Recorded information below:

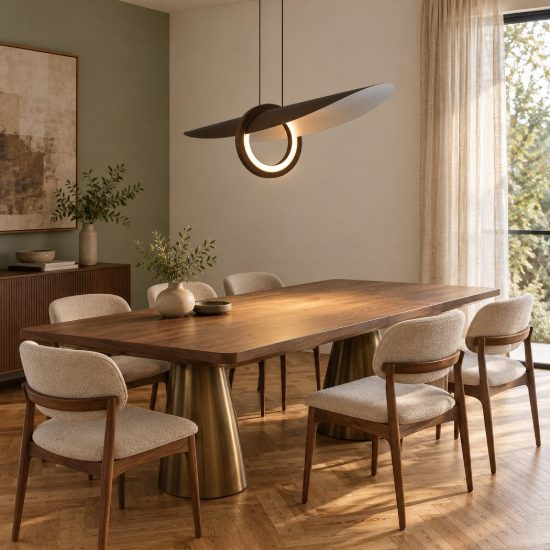 Lampadario lineare caffe moka per soggiorno a sospensione led 24w 2700k dimmerabile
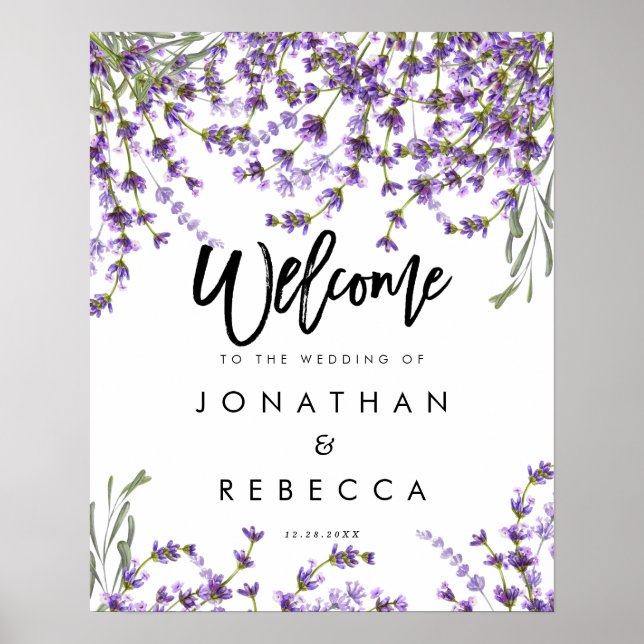 Poster panneau de bienvenue mariage lavande verdure (Devant)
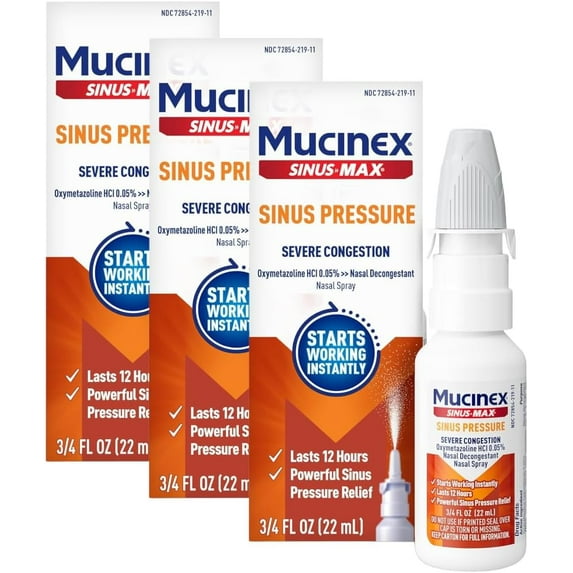 Mucinex Sinus-Max Nasal Spray for Sinus & Allergy, Fast-Acting & Fragrance Free, 12 Hour Severe Nasal Congestion Relief, 0.75 Fl Oz (Pack of 3)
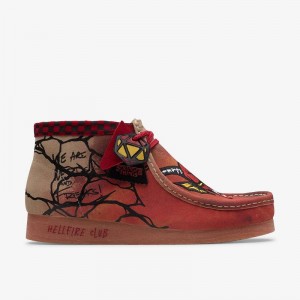 Clarks Stranger Things Wallabee Evo Mens Dark Sand Interest | CLKS-84596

End of Recorded information.

> Problem requirements:
Put each line of the listing above into the copy exactly, dropping the pictures.

> Exercise result:
 Lampadario lineare caffe moka per soggiorno a sospensione led 24w 2700k dimmerabile
 Poster panneau de bienvenue mariage lavande verdure (Devant)
 Mucinex Sinus-Max Nasal Spray for Sinus & Allergy, Fast-Acting & Fragrance Free, 12 Hour Severe Nasal Congestion Relief, 0.75 Fl Oz (Pack of 3)
 Clarks Stranger Things Wallabee Evo Mens Dark Sand Interest | CLKS-84596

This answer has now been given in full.